Your instructions — Filter the data below, keeping only lines that contain "small".

Record extracts —
=== Section Start ===
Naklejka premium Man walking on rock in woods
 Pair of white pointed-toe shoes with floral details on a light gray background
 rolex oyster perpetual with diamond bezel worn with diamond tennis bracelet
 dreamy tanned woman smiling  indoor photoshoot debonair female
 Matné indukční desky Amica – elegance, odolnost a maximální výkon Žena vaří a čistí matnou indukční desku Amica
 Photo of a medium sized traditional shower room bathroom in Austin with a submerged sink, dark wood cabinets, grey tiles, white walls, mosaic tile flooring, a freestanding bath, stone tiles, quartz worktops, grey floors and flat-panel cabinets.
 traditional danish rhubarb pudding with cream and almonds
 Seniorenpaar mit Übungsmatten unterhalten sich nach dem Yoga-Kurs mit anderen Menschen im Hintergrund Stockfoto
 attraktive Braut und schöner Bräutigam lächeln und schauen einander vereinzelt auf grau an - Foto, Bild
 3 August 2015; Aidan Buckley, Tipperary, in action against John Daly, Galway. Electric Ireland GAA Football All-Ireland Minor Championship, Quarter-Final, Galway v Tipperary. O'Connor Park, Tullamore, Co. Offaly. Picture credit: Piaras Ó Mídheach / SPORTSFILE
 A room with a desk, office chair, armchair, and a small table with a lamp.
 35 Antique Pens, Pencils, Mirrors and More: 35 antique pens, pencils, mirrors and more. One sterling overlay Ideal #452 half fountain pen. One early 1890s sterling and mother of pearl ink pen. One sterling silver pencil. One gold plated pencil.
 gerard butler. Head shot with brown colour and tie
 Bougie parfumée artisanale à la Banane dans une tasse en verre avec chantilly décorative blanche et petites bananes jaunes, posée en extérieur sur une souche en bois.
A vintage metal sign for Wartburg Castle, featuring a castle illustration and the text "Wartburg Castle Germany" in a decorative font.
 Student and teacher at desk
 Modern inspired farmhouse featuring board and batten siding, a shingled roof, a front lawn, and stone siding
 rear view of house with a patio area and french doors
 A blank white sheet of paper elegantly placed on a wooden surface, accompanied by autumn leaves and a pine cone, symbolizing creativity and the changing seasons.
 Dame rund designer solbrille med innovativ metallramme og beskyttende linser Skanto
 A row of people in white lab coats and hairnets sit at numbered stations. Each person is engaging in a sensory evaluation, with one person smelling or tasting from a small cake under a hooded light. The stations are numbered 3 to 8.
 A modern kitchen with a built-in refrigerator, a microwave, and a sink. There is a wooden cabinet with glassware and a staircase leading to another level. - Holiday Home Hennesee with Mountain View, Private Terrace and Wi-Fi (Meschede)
=== Section End ===
Worked solution —
 A room with a desk, office chair, armchair, and a small table with a lamp.
 A row of people in white lab coats and hairnets sit at numbered stations. Each person is engaging in a sensory evaluation, with one person smelling or tasting from a small cake under a hooded light. The stations are numbered 3 to 8.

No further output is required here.